Null Killing vectors

1. Jan 22, 2014

pervect

Staff Emeritus
If space-like Killing vectors are associated with a conserved momentum, and timelike Killing vectors are associated with a conserved energy, what is the conserved quantity associated with a null Killing vector?

For instance, "v" in ingoing Eddington Finklestein coordinates.

The line element is:

−(1−2m/r) dv^2+2 dv dr

None of the metric coefficient's are a function of v (and GR Tensor's KillingTest confirms that $\partial / \partial v$ is a Killing vector).

2. Jan 23, 2014

George Jones

Staff Emeritus
$\partial / \partial v$ is not lightlike.

A related post:

3. Jan 23, 2014

Staff: Mentor

Except at $r = 2M$, correct? If I'm reading this right, the ingoing E-F $v$ coordinate is timelike for $r > 2M$, null at $r = 2M$, and spacelike for $r < 2M$, just like the Painleve $T$ coordinate.

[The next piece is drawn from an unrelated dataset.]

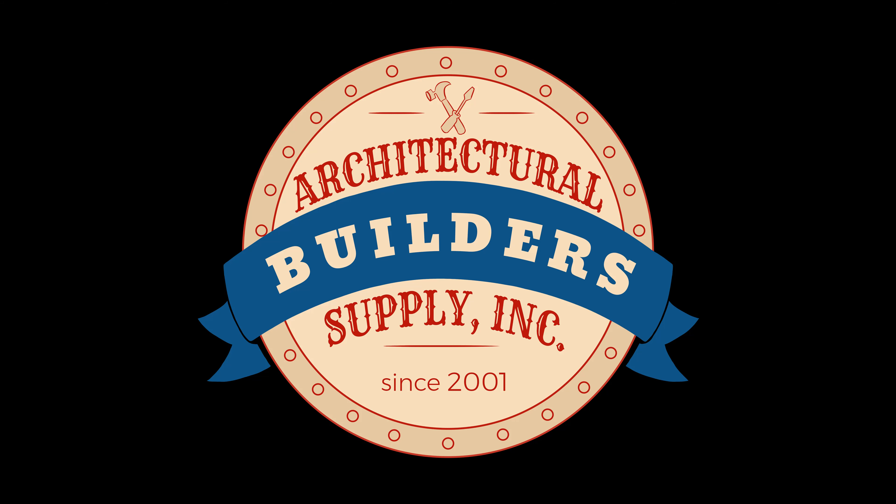Architectural Builder Supply is pleased to present you with this recording of the technical question listed in the title of this video. Again, thank you for watching. If you've enjoyed this video, please click thumbs up, subscribe, and maybe even send the video to someone you know. Thank you.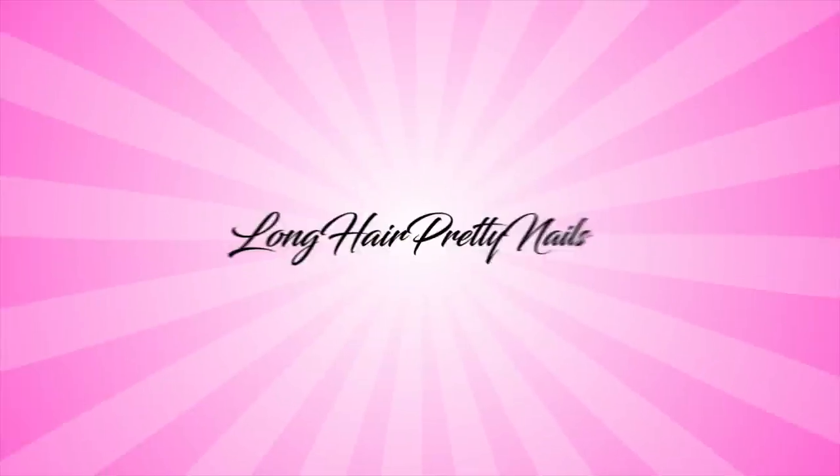This is the intro to Long Hair Pretty Nails Show. Hey y'all, it's Evie and welcome back to my channel. So in today's video, I'm just going to be doing some Valentine inspired nails.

Also, for extra fun, if I'm reading this right, since ingoing radial null geodesics are curves of constant $v$, in ingoing E-F coordinates, $\partial / \partial r$ is null! (Whereas in Painleve coordinates, $\partial / \partial r$ is spacelike, and in Schwarzschild coordinates, $\partial / \partial r$ is spacelike for $r > 2M$, null at $r = 2M$, and timelike for $r < 2M$.)

I think recognizing all this also puts the question in the OP in a new light. Consider, for example, $\partial / \partial T$ in Painleve coordinates (or $\partial / \partial t$ in Schwarzschild coordinates, since the integral curves of both are the same). This is a KVF, and it is timelike outside the horizon, null on the horizon, and spacelike inside the horizon. The constant of motion associated with it is usually called "energy at infinity". Of course that interpretation is usually considered to be problematic on or inside the horizon; but does that mean that the same constant of the motion (which is constant all along an infalling geodesic, so the energy at infinity of an infalling object is the same all the way from infinity down to the singularity at $r = 0$) somehow becomes a "momentum" inside the horizon because the associated KVF is now spacelike?

Last edited: Jan 23, 2014
4. Jan 23, 2014

pervect

Staff Emeritus
Ah-ha! Thanks, George - I'm familiar with the second fundamental confusion you describe, but apparently not familiar enough to avoid falling victim to it again.